So, as some of you know, I currently live and grew up in a really small town and have never really lived in a city larger than Williams Lake, and even then I lived 5 minutes outside of town. Perhaps due to this reason, I still live in a small town with my 100lb dog Buster. My drive is just over an hour each way to school so if I have class at 9:30 in the morning, I have to leave by 8:00. It is also much more expensive in the long run as I pay rent in Enderby plus I generally put around 800km on my car every week.
To many of you this sounds crazy, but for me it just seems to make sense. The city honestly scares me. It is busy and crowded. I get stressed out just entering the city sometimes, to be completely honest, I get stressed just going to Walmart as there are so many people there and all in a hurry. The funny thing about this is that a lot of my friends from home feel the same way and those that have moved to cities said that it took them a long time to adjust.
Small towns in my opinion have so much going for them, especially if larger centers are easily accessible for shopping and cultural activities. There is a wealth of community feeling in small towns. I know most of my neighbors and even many strangers in the grocery store smile and say hi.

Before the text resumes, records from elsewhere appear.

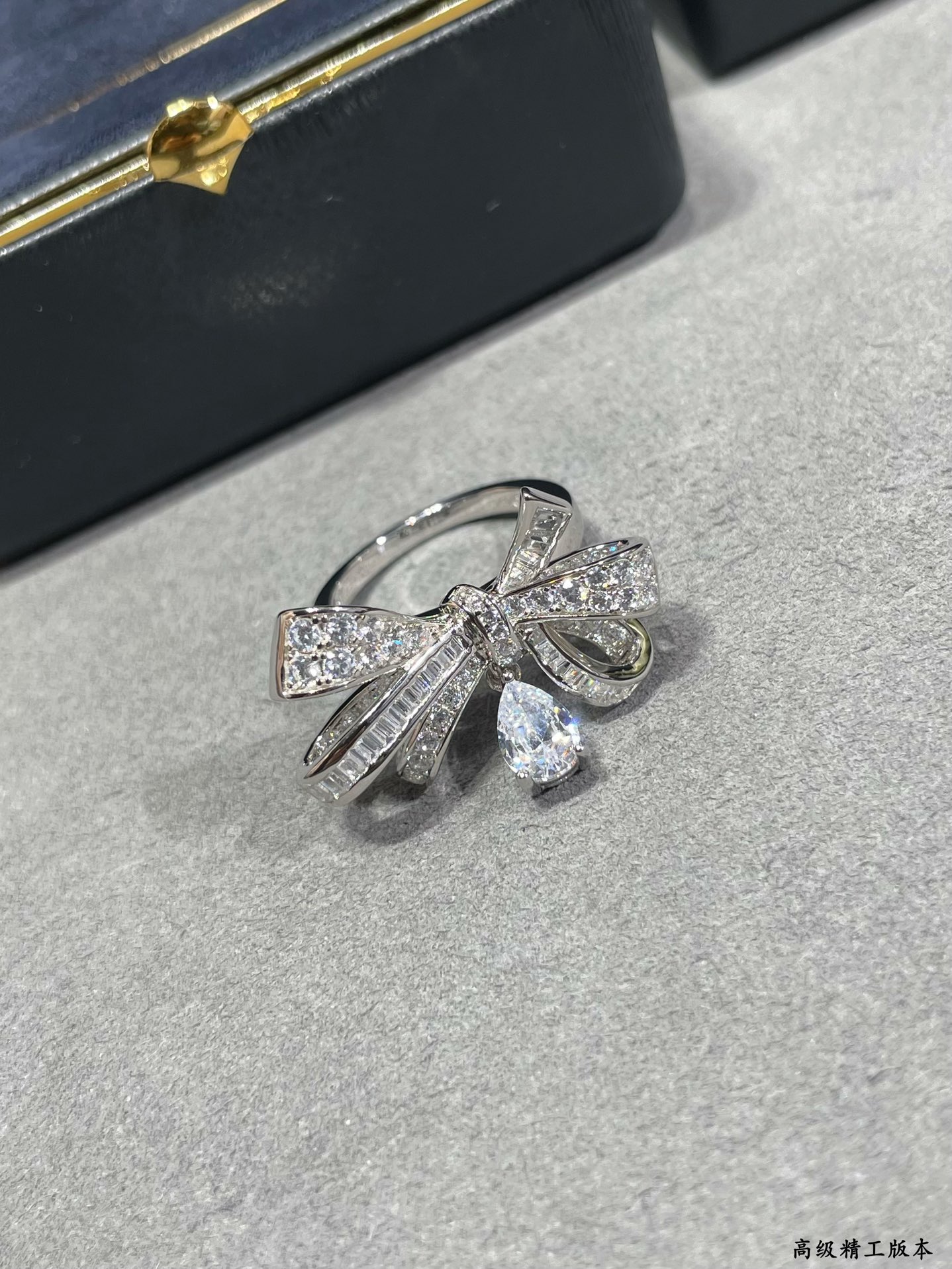  9️⃣2️⃣5️⃣（新升级版本） 码数：5678。格拉夫蝴蝶水滴戒指💍高级珠宝作品 线条灵动的蝴蝶结或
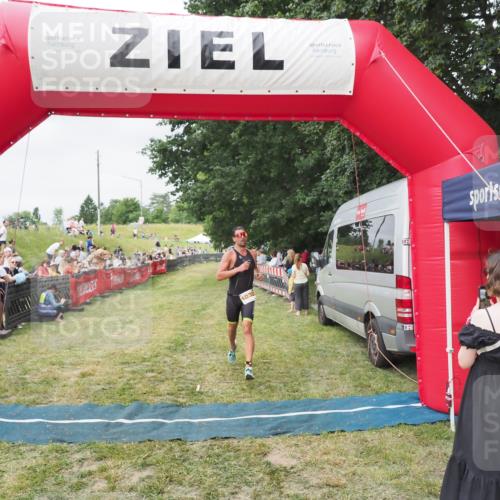 21.06.2025 - 27. Vierlanden-Triathlon MichiJ http://msf.ph/oto/8036566 15.06.2026 13:05:29 Ziel 1032 meine-sportfotos.de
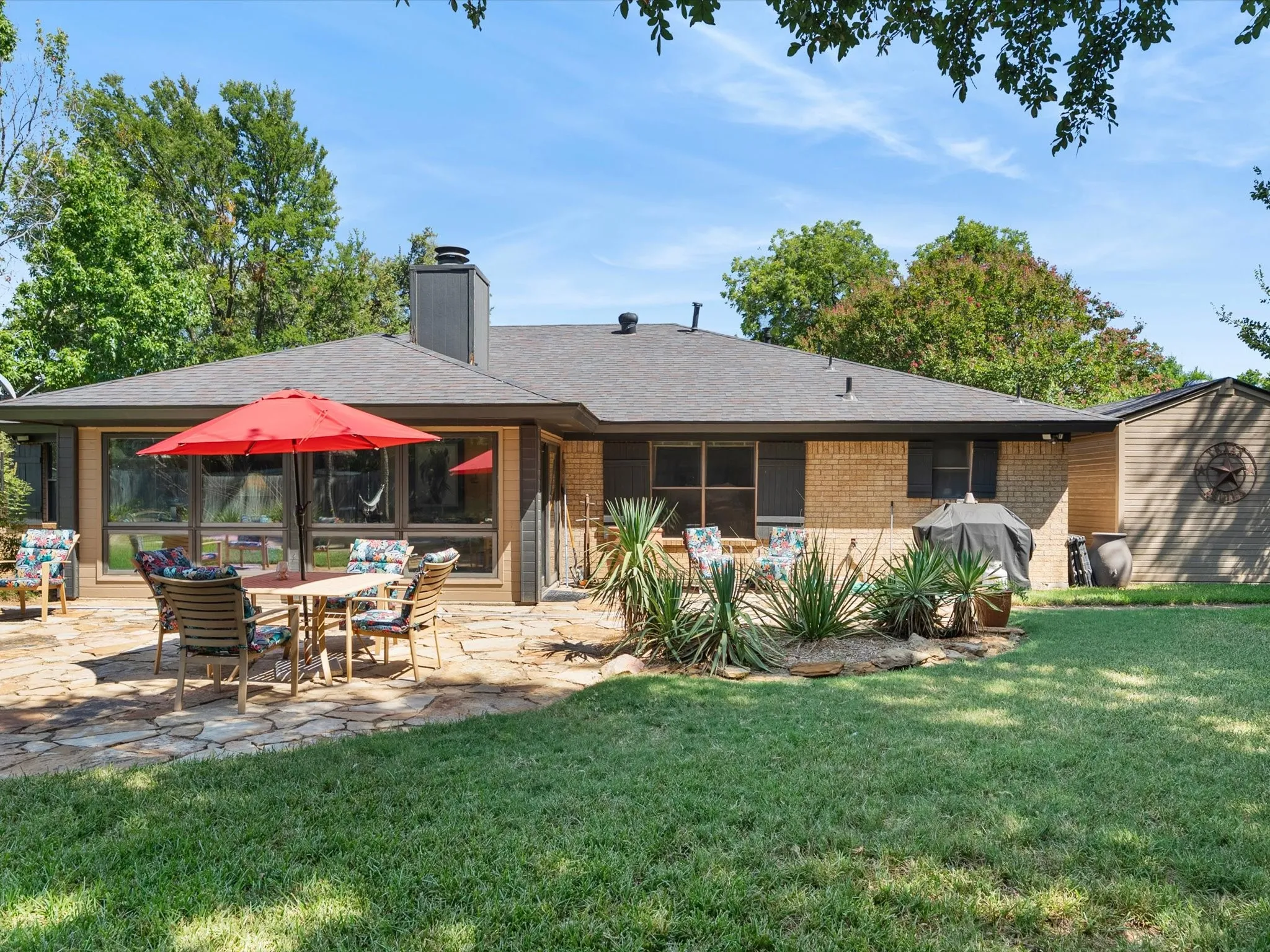 Single Family Residence For Sale in Tarrant County , 2501 New Haven Court, Bedford, Texas 76022, 3 Bedroom, 2 Bathroom, 2 Garage spaces, 1,812 Sqft, built in 1982, mls#21354643, Real Estate Agent in Bedford, Homes For Sale in Tarrant county, Homes For Sale in Bedford, Realtor in Bedford Texas, Real Estate Brokerage Independent Realty Texas, Luminita Cordes Realtor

A while ago in class (September 27th) we talked about the Crisis of the 19th century and the reason for planning movements that attempted to ameliorate the conditions of the cities by introducing elements of the country. At that time the London slums were becoming a worry to the middle class. They were afraid that the poor members of these slums would rise up in revolution so they attempted to make living conditions better. Georg Simmel believed that the city caused over-stimulation and thus nervous exhaustion. There is also an idea of an intensification of urban stimuli where noise leads to feelings of indifference not caring about anything.
Although in some ways the city has gotten so much better, it has also gotten worse in some ways. Cities have grown far larger than the cities of the 19th century and thus they have different sets of problems, including my personal nemesis, traffic! Planners of the 20th century have tried to address the sets of problems that stem from the sheer magnitude of cities, but to a person who has lived only in small towns; cities are still scary, loud, busy places that as Simmel says create nervous over-stimulation and exhaustion.
I know that there is a completely different viewpoint to this, and that life in a really small town is unthinkable to many who grew up exclusively in a city, or have grown accustomed to the society and culture that the city encompasses.